# Surf Cup acceptance List?



## Penalty Kicks Stink (Jun 9, 2017)

Anyone seen or heard when the list will be out for teams accepted to Surf Cup?


----------



## Kicker4Life (Jun 9, 2017)

Emails have gone out, but I haven't seen an official list.


----------



## LASTMAN14 (Jun 9, 2017)

Kicker4Life said:


> Emails have gone out, but I haven't seen an official list.

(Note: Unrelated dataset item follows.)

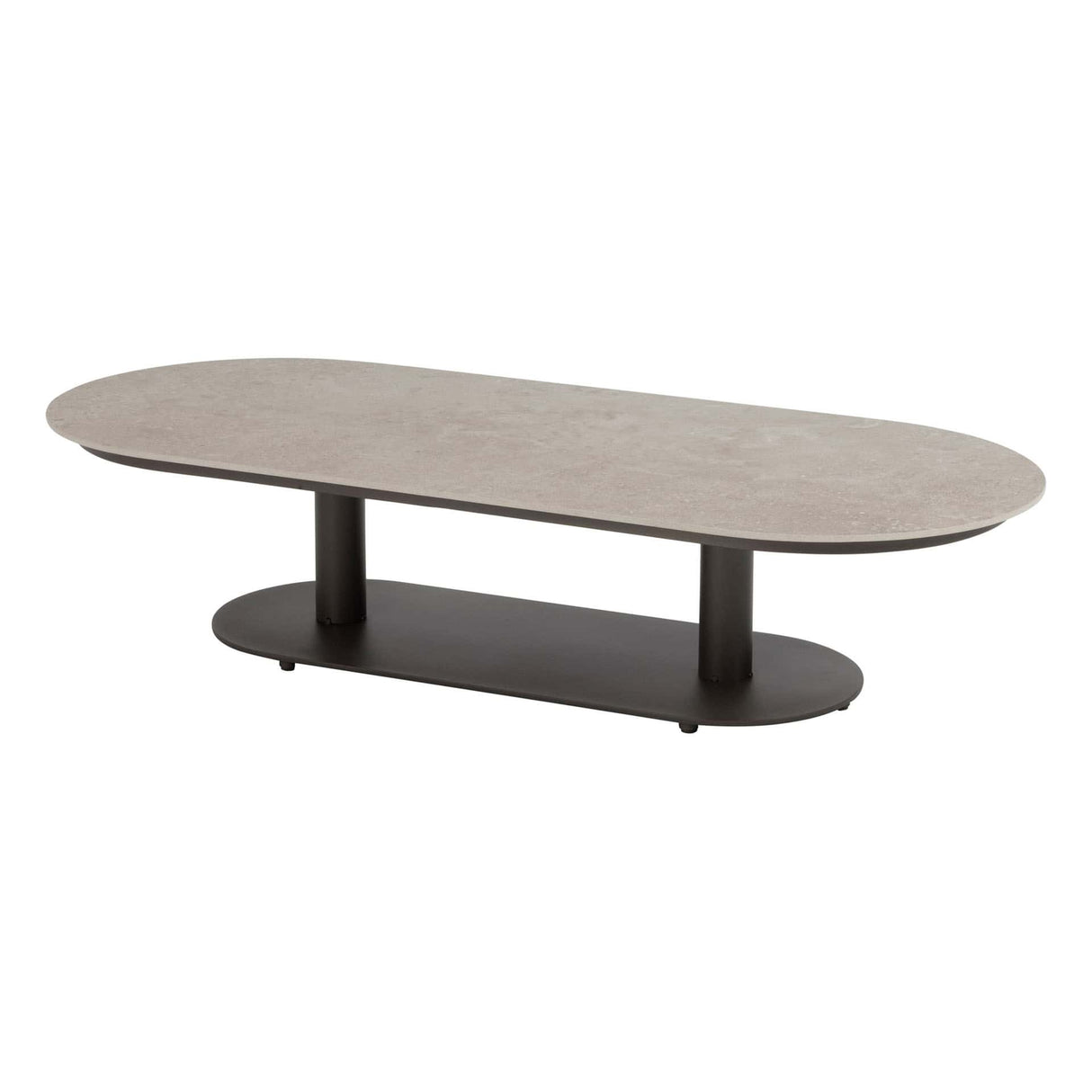 4 Seasons Outdoor Boaz ovale salontafel terre met keramisch tafelblad, 150 x 65 cm (H 35)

I should have kept the email but some age groups have been announced, but others not till 6/22.


----------



## Frank (Jun 9, 2017)

From what I can see in the older side very few CAS teams were accepted to Surf in the olders unless you played in a qualifier and got auto accepted or are a San Diego team. You can see the list of current accepted through the hotel platform. My team was told that regardless of success we are rejected. Director basically said should have played Man City and that they took far less teams this year because of the 4th game and longer halves. So here is the key to be accepted; play one of their qualification tourneys, be from San Diego or Scdsl or be from out of town so they get their hotel kickbacks.


----------



## SoccerMum1988 (Jun 11, 2017)

Frank said:


> From what I can see in the older side very few CAS teams were accepted to Surf in the olders unless you played in a qualifier and got auto accepted or are a San Diego team. You can see the list of current accepted through the hotel platform. My team was told that regardless of success we are rejected. Director basically said should have played Man City and that they took far less teams this year because of the 4th game and longer halves. So here is the key to be accepted; play one of their qualification tourneys, be from San Diego or Scdsl or be from out of town so they get their hotel kickbacks.


Yep....all about the dollar....what soccer!?!?


----------



## zinger (Jun 13, 2017)

we received early acceptance but have several rooms at the Residence Inn across from the fields that we can't fill.  Message me if you're interested and I'll send you the link.  Room rate is $259/night and includes breakfast.


----------



## Justafan (Jun 13, 2017)

Frank said:


> You can see the list of current accepted through the hotel platform.


A little help please, I couldn't figure it out.


----------



## Frank (Jun 13, 2017)

Justafan said:


> A little help please, I couldn't figure it out.


Click on hotel link. Register.  

Once registered click on any hotel.   CLick on complete registration form. Yes to confirmed with hotel. It now presents a drop down list where you can see all teams accepted.


----------



## jerry626 (Jun 16, 2017)

any idea when the acceptance list might come out?


----------



## *GOBEARGO* (Jun 21, 2017)

jerry626 said:


> any idea when the acceptance list might come out?


https://events.gotsport.com/events/teamlist.aspx?eventid=59034


----------